Prognostic significance of SET-NUP214 fusion gene in acute leukemia after allogeneic hematopoietic stem cell transplantation.

The SET nuclear proto-oncogene (SET)-nucleoporin (NUP) 214 fusion gene (SET-NUP214) is a rare leukemia fusion gene. Due to the limited number of samples with SET-NUP214 fusion gene in previous studies, the significance of SET-NUP214 for measurable residual disease (MRD) monitoring in patients with acute leukemia (AL) is still unclear. Our study aimed to observe the dynamic changes in SET-NUP214 expression before and after allogeneic hematopoietic stem cell transplantation (allo-HSCT), and analyzed whether SET-NUP214 could be used to evaluate MRD status. Our study included 24 AL patients who were newly diagnosed with SET-NUP214 fusion gene and they all received allo-HSCT. Their MRD was evaluated by monitoring SET-NUP214 fusion gene and leukemia-associated immunophenotype (LAIP). The median follow-up time was 501 days (56-2208 days). Of the enrolled patients, 6 (25%) patients died, including 3 (12.5%) patients died of leukemia relapse. Total 5 (20.8%) patients experienced hematological relapse at a median of 225 days (56-1057 days) post-transplantation.

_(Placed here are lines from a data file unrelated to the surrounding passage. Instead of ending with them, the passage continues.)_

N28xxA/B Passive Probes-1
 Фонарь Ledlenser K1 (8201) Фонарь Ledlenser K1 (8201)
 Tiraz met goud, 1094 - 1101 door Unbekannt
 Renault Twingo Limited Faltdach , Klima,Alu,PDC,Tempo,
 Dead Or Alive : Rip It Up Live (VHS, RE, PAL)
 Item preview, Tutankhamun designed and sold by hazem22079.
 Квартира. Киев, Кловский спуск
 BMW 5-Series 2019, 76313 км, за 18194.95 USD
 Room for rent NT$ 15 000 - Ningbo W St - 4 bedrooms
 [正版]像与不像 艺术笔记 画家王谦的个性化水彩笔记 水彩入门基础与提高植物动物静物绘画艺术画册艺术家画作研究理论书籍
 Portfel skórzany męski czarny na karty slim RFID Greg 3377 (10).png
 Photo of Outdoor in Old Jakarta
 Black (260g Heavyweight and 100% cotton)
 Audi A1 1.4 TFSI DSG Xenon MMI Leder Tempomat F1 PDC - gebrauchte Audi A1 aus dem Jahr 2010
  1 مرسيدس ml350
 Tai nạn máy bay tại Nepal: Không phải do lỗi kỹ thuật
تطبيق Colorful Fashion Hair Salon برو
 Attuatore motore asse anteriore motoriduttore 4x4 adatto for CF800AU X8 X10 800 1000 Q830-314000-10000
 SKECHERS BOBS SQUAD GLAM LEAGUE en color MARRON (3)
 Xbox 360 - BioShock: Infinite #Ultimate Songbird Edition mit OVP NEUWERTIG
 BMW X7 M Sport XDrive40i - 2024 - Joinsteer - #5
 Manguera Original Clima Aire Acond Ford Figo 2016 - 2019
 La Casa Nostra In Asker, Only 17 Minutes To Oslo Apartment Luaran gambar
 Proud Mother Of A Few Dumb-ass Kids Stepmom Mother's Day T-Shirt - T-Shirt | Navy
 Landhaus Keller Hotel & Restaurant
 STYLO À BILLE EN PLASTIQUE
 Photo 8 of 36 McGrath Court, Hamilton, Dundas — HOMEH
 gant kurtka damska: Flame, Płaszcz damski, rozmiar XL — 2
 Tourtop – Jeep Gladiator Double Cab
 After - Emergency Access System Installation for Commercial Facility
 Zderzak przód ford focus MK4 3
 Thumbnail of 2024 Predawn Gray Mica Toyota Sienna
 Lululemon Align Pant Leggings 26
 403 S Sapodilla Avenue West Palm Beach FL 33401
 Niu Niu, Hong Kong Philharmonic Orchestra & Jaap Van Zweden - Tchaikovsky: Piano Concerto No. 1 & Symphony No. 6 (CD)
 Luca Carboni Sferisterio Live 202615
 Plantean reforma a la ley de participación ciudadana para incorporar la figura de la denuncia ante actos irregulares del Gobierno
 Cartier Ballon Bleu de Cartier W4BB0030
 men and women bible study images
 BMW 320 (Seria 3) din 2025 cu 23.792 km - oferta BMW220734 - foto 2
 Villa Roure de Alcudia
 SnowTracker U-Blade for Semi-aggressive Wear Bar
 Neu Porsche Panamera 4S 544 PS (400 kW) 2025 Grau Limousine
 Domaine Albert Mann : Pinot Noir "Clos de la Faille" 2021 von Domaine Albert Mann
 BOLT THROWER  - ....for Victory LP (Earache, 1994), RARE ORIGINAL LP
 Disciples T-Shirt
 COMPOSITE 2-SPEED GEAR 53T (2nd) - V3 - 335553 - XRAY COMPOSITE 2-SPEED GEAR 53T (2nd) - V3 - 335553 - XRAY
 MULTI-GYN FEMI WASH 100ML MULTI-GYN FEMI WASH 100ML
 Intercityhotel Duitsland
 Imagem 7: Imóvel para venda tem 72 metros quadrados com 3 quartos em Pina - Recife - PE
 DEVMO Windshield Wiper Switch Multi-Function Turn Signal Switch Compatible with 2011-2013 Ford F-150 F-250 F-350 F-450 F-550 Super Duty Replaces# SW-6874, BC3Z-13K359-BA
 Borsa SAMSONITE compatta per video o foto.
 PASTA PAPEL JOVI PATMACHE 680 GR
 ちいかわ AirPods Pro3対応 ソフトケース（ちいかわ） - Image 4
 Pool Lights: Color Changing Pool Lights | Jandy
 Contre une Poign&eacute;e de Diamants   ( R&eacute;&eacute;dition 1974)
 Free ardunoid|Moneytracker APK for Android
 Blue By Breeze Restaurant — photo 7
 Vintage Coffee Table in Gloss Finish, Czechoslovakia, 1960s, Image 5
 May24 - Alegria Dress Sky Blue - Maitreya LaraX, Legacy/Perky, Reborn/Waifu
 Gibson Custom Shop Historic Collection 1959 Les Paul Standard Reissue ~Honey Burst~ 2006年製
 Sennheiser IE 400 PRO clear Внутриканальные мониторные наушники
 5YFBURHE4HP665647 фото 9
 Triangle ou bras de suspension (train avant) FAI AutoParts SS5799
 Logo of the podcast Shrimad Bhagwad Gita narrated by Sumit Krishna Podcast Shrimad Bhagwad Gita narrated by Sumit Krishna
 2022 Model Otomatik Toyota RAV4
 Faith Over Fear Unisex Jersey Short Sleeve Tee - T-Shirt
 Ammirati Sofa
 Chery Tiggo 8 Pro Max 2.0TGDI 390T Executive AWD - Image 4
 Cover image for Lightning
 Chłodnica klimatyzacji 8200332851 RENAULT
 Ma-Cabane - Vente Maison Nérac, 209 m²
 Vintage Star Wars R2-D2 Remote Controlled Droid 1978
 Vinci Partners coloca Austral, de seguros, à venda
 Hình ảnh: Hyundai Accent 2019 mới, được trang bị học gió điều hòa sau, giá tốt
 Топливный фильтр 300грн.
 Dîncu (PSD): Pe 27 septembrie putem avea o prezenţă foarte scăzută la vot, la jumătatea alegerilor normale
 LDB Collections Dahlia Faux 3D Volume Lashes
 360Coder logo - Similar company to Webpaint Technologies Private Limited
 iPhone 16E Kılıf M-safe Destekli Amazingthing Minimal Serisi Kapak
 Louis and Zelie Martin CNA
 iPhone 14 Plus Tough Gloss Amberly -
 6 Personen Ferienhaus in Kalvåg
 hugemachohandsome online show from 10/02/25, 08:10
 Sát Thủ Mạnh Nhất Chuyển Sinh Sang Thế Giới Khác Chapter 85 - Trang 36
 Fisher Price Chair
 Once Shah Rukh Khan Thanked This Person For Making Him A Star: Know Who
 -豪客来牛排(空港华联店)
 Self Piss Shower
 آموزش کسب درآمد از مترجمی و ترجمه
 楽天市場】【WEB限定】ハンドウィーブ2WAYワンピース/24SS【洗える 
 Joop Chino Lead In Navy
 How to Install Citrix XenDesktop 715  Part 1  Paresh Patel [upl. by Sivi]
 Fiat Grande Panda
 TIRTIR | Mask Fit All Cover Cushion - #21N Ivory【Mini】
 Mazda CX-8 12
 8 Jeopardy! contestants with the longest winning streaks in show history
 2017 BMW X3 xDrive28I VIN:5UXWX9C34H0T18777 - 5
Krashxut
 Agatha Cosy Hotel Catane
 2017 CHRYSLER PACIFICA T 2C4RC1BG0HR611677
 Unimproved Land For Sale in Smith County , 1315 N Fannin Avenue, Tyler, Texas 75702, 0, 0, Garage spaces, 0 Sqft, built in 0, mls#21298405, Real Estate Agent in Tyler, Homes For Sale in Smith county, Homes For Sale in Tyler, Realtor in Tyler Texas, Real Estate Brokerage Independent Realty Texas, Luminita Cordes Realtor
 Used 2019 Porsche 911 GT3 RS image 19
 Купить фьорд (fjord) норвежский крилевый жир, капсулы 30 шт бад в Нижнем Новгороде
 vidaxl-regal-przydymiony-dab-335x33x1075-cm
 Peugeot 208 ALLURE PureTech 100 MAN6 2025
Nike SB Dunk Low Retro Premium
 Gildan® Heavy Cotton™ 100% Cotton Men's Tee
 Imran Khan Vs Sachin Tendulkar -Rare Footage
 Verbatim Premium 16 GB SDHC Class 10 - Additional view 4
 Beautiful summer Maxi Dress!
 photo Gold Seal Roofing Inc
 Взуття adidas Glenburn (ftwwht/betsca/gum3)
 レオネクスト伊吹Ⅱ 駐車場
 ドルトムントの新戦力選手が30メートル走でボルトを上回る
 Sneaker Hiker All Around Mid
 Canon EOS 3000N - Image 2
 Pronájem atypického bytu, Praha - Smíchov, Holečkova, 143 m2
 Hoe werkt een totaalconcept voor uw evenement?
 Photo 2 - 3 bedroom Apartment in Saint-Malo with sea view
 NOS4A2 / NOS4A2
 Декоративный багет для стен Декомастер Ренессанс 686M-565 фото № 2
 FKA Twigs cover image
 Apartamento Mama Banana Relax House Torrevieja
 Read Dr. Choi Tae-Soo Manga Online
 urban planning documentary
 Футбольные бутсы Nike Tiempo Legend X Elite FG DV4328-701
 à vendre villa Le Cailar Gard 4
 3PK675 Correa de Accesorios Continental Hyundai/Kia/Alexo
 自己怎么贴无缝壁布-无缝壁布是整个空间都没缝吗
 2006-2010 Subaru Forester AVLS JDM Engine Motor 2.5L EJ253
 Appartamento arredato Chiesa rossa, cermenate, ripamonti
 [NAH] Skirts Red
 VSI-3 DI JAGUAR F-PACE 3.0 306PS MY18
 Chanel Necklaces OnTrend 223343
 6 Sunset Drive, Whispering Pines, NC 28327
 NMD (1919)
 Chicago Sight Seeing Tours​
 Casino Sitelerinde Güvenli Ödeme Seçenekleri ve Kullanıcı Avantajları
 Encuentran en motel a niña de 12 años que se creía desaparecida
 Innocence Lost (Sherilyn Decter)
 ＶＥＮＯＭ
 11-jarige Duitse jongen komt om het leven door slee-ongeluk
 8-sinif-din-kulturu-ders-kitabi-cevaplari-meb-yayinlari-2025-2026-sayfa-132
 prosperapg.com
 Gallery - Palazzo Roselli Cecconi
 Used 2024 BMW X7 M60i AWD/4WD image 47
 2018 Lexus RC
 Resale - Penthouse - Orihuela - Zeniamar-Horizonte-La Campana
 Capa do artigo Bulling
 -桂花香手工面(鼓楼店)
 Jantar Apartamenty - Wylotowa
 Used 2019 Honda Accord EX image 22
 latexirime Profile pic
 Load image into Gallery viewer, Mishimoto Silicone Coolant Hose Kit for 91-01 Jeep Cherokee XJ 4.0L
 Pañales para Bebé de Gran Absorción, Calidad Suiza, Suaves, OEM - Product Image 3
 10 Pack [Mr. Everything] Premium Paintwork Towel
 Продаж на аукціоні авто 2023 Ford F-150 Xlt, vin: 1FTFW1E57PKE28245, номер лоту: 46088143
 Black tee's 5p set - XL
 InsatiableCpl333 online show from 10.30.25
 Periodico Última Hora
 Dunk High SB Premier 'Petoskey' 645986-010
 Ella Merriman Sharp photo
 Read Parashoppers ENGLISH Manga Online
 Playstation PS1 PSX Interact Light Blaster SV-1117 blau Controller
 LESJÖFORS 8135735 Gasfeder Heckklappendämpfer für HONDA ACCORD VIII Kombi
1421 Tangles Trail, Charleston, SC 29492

The SET-NUP214 median expression level at diagnosis was 405.1% (14.6%-1482.4%). SET-NUP214 gene expression generally became positive prior to flow cytometry results. In addition, the Kaplan-Meier survival curves analysis showed that those who had SET-NUP214 positive (SET-NUP214+) post-transplantation had a higher 2-year cumulative incidence of leukemia relapse (CIR) of 43.7 ± 18.8% (P < .05). However, there was no significant difference between SET-NUP214 positive and SET-NUP214 negative patients with regard to their 2-year overall survival (OS) (82.5 ± 11.3 vs 64.6 ± 17.5%, respectively, P = .271). ROC curve analysis turned out that the area under the ROC curve (AUC) was 0.916 (95% CI: 0.784-1.0; P = .005). In conclusion, SET-NUP214 fusion gene determined by real-time quantitative reverse transcriptase polymerase chain reaction (RQ-PCR) could be used to evaluate MRD status after allo-HSCT. Patients with positive SET-NUP214 expression after transplantation will have a poor prognosis.

Introduction

The SET nuclear proto-oncogene (SET)-nucleoporin (NUP) 214 fusion gene is a marker of acute leukemia (AL), resulted from either cryptic t(9;9)(q34;q34) or del(9)(q34.11q34.13).[ SET-NUP214 fusion gene was first detected in a patient with acute undifferentiated leukemia (AUL), and later detected in patients with acute myeloid leukemia (AML), T-cell acute lymphoblastic leukemia (T-ALL) and B-cell acute lymphoblastic leukemia (B-ALL).[ The majority of patients carrying SET-NUP214 experience T-cell acute lymphoblastic leukemia (T-ALL). In addition, previous studies supported a strong association between SET-NUP214 fusion gene and T-ALL.[ The detailed mechanism by which SET-NUP214 mediates leukemogenesis has not been fully elucidated to date. SET, also referred to as TATA box binding protein-associated factor 1, is a component of inhibitor of histone acetyltransferase (INHAT), which participates in transcriptional activation.[ The NUP214 gene, also referred to as CAN, participates in development and possibly in leukemogenesis.[ SET-NUP rearrangement produces a fusion protein that inhibits the cell apoptosis caused by the cytotoxic T-cells.[

Studies in the past have shown that genetic markers genetic markers are of great significance for the diagnosis and prognosis of malignant tumors.[ And measurable residual disease (MRD) is an important prognostic factor that can determine patients at a high risk for relapse, and interventions directed by MRD could decrease the incidence of relapse.[ The measurement of leukemia specific fusion transcript levels obtained via real-time quantitative polymerase chain reaction (RQ-PCR) could accurately and sensitively reflect MRD status. SET-NUP214, a rare fusion gene for AL, has the potential to be a good marker for assessing MRD status. Previous studies have also suggested that SETNUP214-positive AL patients are associated with a poor prognosis.[ However, the number of reported cases with SET-NUP214 fusion gene was very limited. There are no specific clinical studies to analyze the clinical significance of SET-NUP214 fusion gene for monitoring MRD status and predicting relapse after allogeneic hematopoietic stem cell transplantation (allo-HSCT). Whether the SET-NUP214 fusion gene could serve as a biomarker for MRD surveillance after transplantation needs to be further confirmed.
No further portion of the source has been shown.